Berkeley Daily Planet
Weekend, July 20-21, 2002
Page 4

Family values best learned from family

To the Editor:
A recently drafted ordinance regulating the hours during which Community Cable TV can air so-called indecent material is coming before the City Council for a first reading on July 23. This unconstitutional legislation should be defeated in accordance with Councilmember Spring's recommendation.

I understand and sympathize with the goal of making sure our youth are exposed to positive values, but as a licensed Marriage Family Therapist, I am convinced that this is done most effectively through honest and clear communication within the family, not through misguided government intervention. The resources which would be required to administer the proposed ordinance would much better be spent on social programs to address the many unmet needs of families in distress in our community.
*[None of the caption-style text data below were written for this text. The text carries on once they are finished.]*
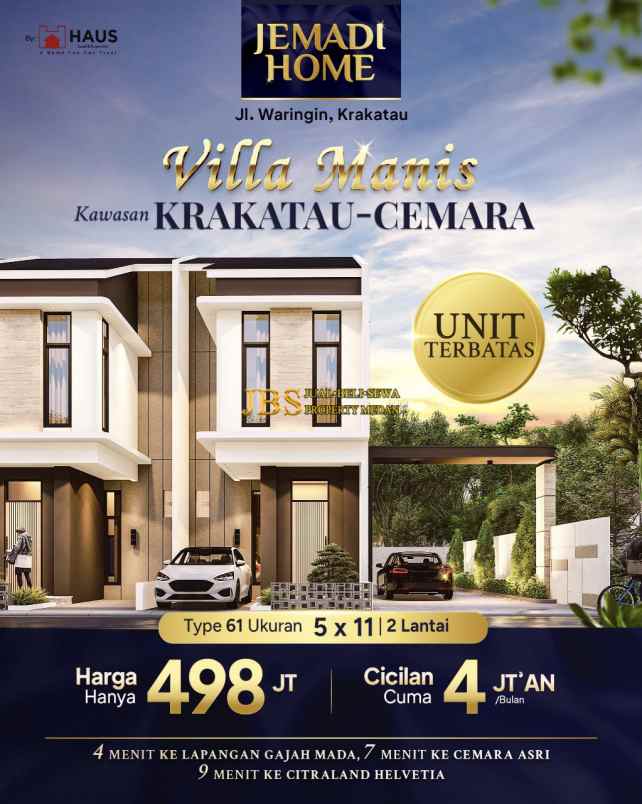 dijual villa komplek jemadi home jalan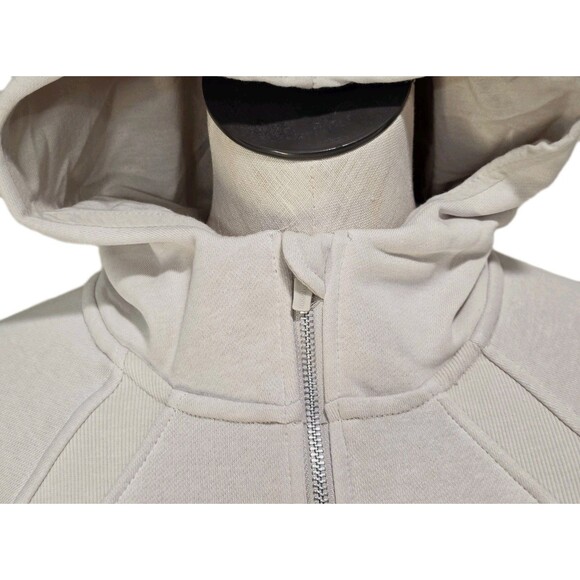 Danskin Half Zip Mixed Rib Cozy Hoodie Thumbhole Kangaroo Pocket Cream Women XXL - Picture 5 of 14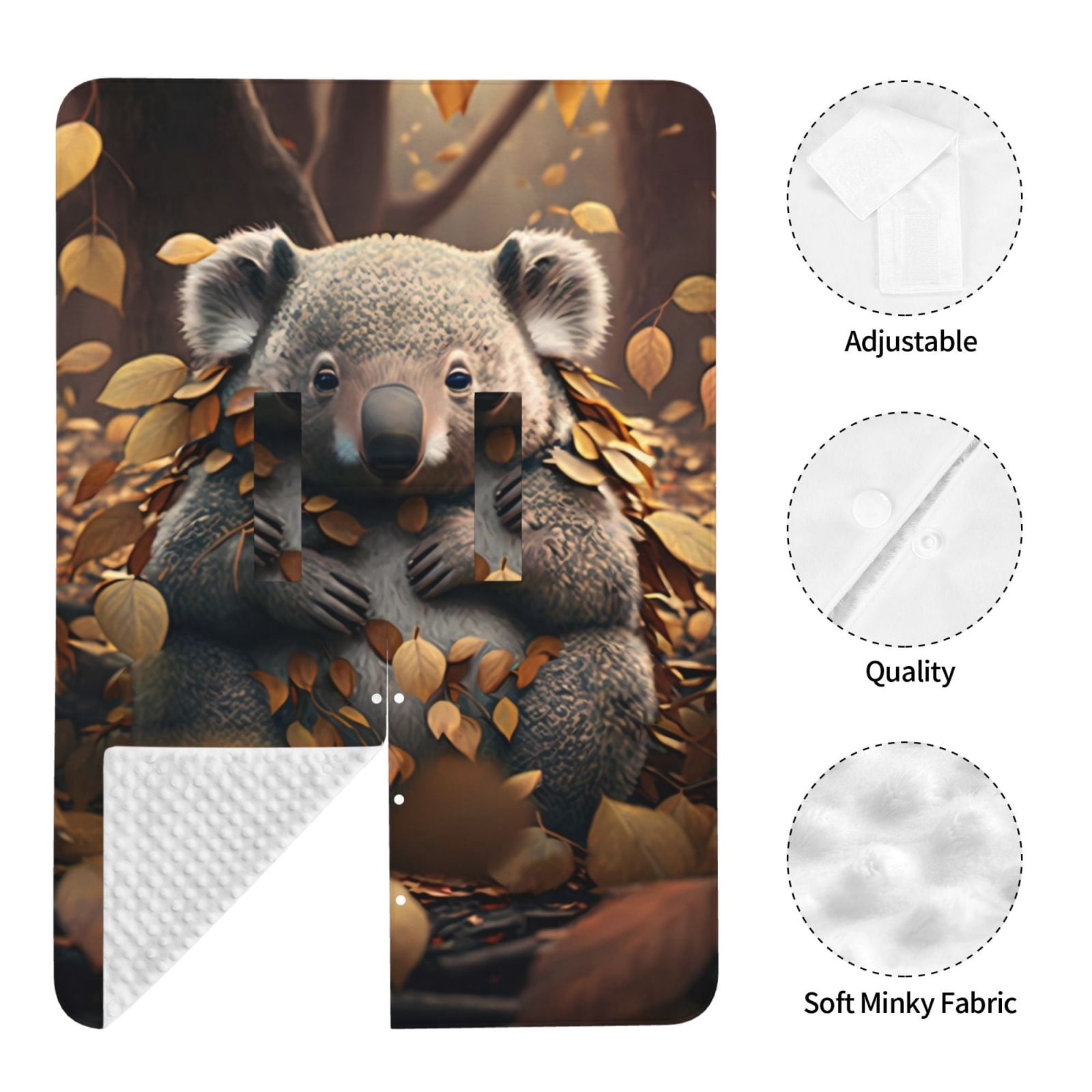 Naloa Cute Fallen Leaf Koala Baby Car Seat Cover, Breathable Baby Carrier Cover, Multiuse Baby Carrier Cover & Nursing Breastfeeding Cover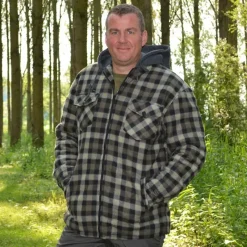 Chemise polaire à capuche 4 poches sherpa marron/rouge M à 3XL*Treeland Best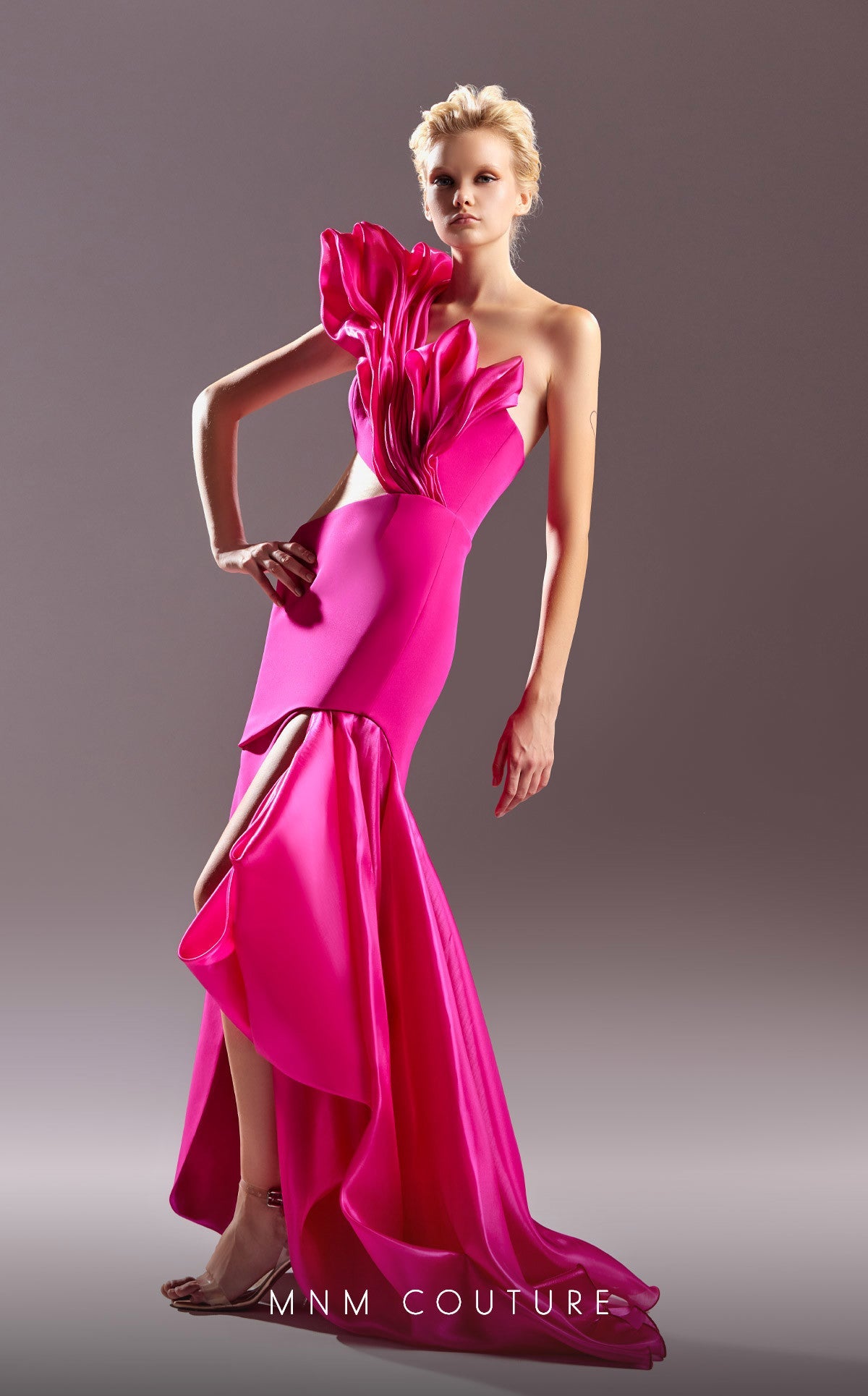 Prom Dresses Long Formal Pleated Slit Prom Dress Fuchsia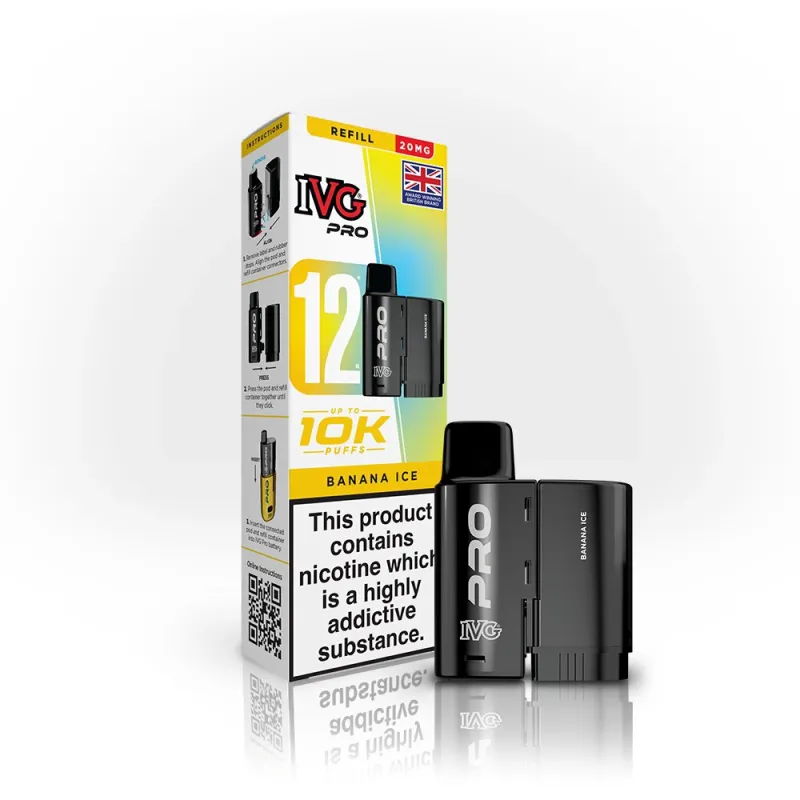IVG Pro 12 10,000 Puffs Prefilled Pods Banana Ice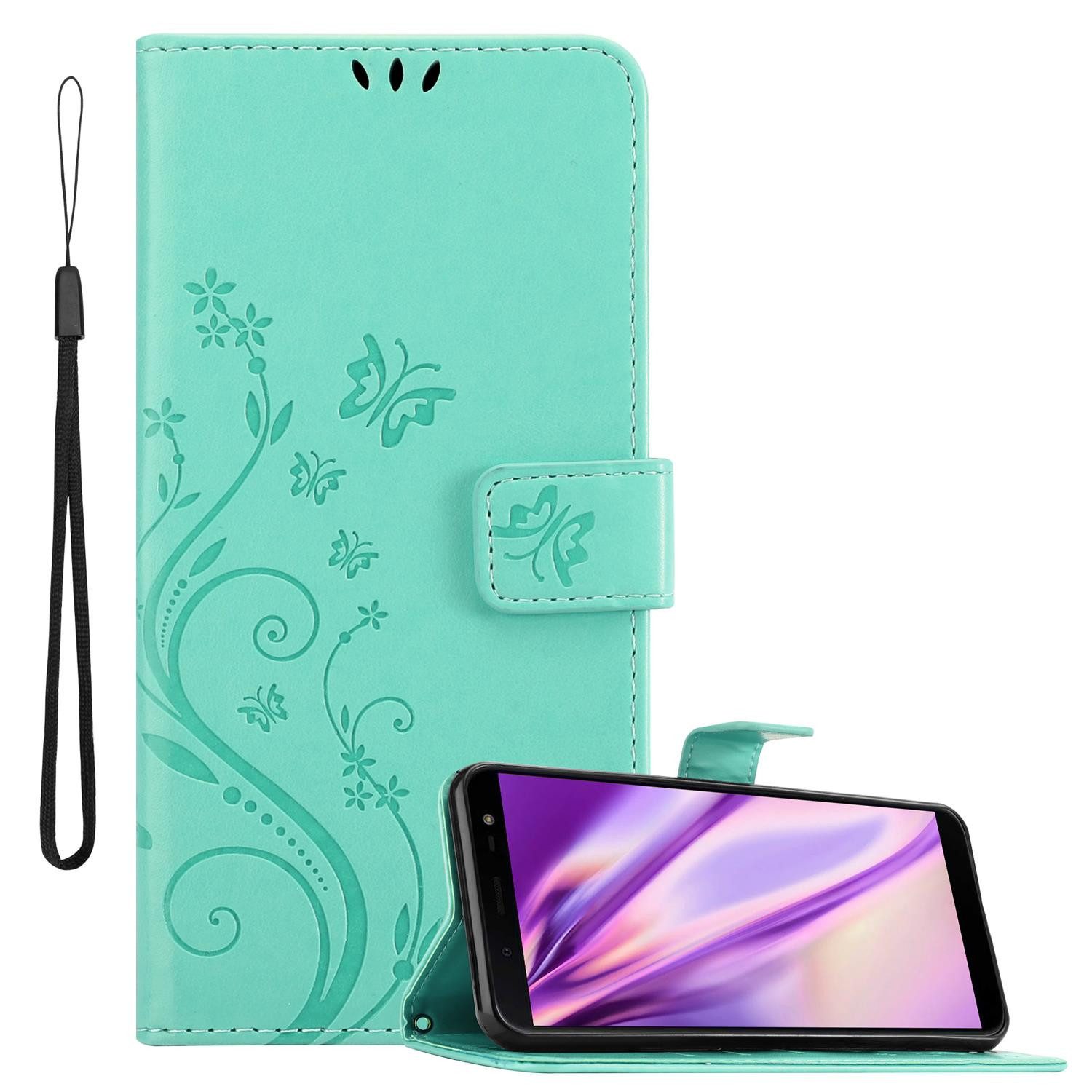 Cadorabo Handyhülle für Samsung Galaxy J6 2018 Hülle Samsung Galaxy J6 2018, Hülle Schutzhülle Blumen Flower mit Standfunktion Kartenfach Magnet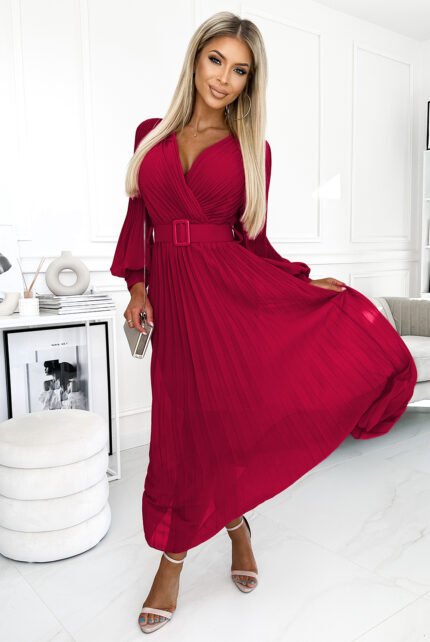 414-9 KLARA pleated dress with a belt and a neckline - Burgundy color-1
While some may find the material on certain shows currently airing after 10 p.m. to be unsavory, our biggest responsibility if we value free speech is to defend freedom of expression even of views we personally disagree with. Indeed, this is when we must be especially vigilant to ensure that our personal reactions do not get in the way of the reasonable exercise of our fellow citizens' first amendment rights.
Noted civil liberties attorney Jim Chanin has pointed out serious constitutional problems with the proposed ordinance, and he has made it clear that if the City of Berkeley passes such legislation it will be challenged in the courts, leading to costly litigation. In these times of fiscal constraints on the City budget, it is more imperative than ever that we use our resources wisely.

Berkeley councilmembers should spare the City from unnecessary and costly litigation and from the embarrassment of legislating some of the most conservative standards in the nation at a time when all our civil liberties are under attack due to the actions of right-wing Attorney General John Ashcroft. They should stand in Berkeley's proud tradition of free speech and vote No on the proposed ordinance.